Good day,
I have trained a model with a 128 filter ConvLSTM2D layer with 5x5 kernels. The weight shapes returned by the layer are as follows:
1) kernel - (5, 5, 1, 512),
2) recurrent_kernel - (5, 5, 128, 512),
3) bias - (512,).
I am trying to map these values onto the equations below from the original paper. I am having problems finding this correspondence.
Keras docs state that the cell weights (W_ci, W_cf, W_co) are not currently implemented.
I think I have biases figured out: There are 4 bias terms and 128 filters, so 4 x 128 = 512. I suppose that bias[0:3] would provide me the biases for the first filter.
I fail to understand how "kernel" and "recurrent_kernel" weights are mapped though. My thinking is that "kernel" represents W_xi, W_hi, W_xf, and W_hf for 128 filters.
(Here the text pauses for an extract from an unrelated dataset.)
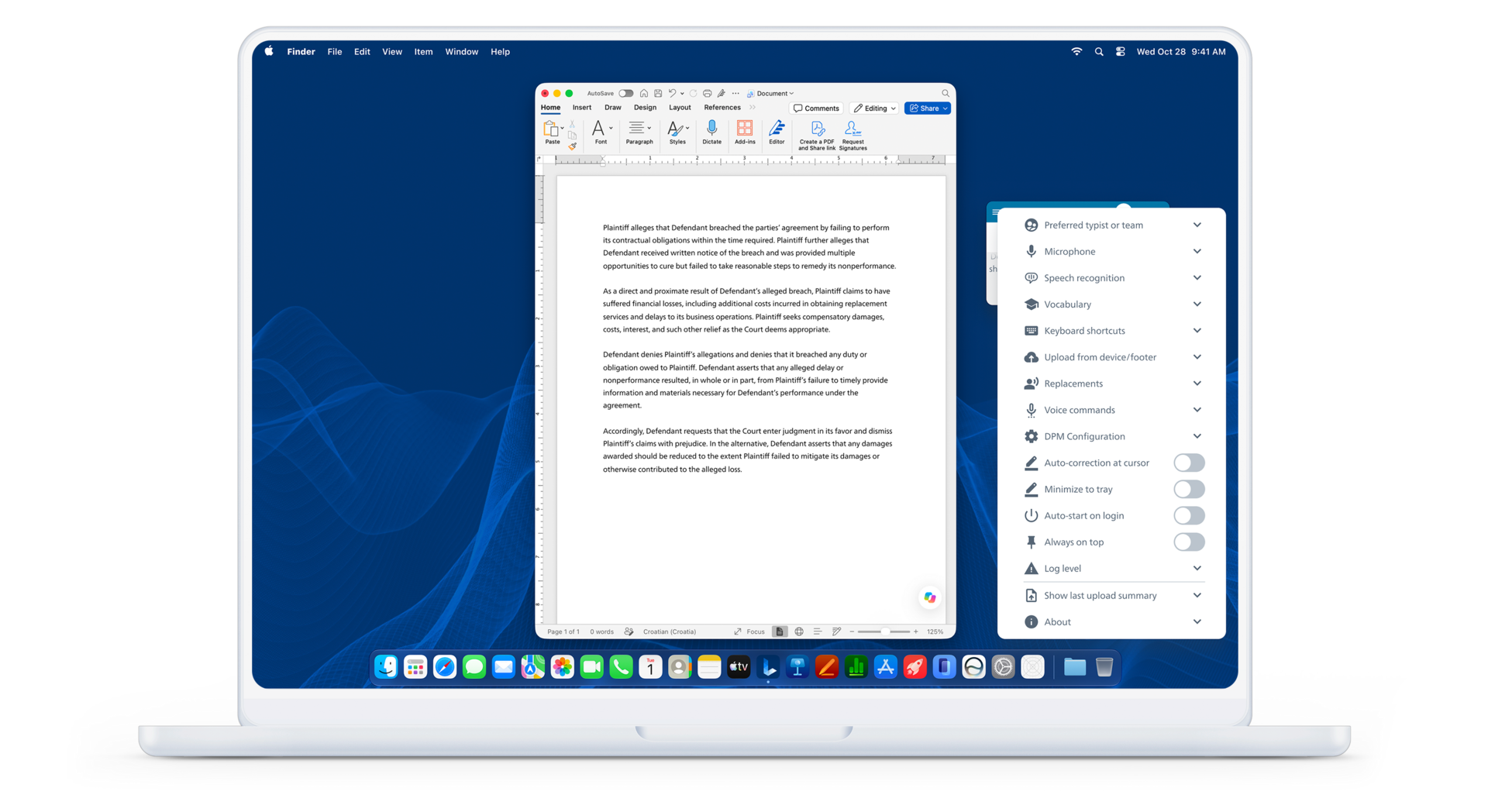 UI image of SpeechLive Legal Direct on a laptop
This would produce 128 i_t and f_t gates. Then each of these would in turn produce 128 C_t, o_t, and H_ts? That would be consistent with the shape of "recurrent_kernel" (represents W_xc, W_hc, W_xo, W_ho), but that would result in 128 x 128 = 16384 final C_t and H_ts right? And the final shape of the hidden states C_t and H_t are only 128.
Am I missing something here? Is there some step where 16384 hidden states are reduced to the final 128? Any help to clear up this confusion would be greatly appreciated.
Take care and thank you for the assistance,
André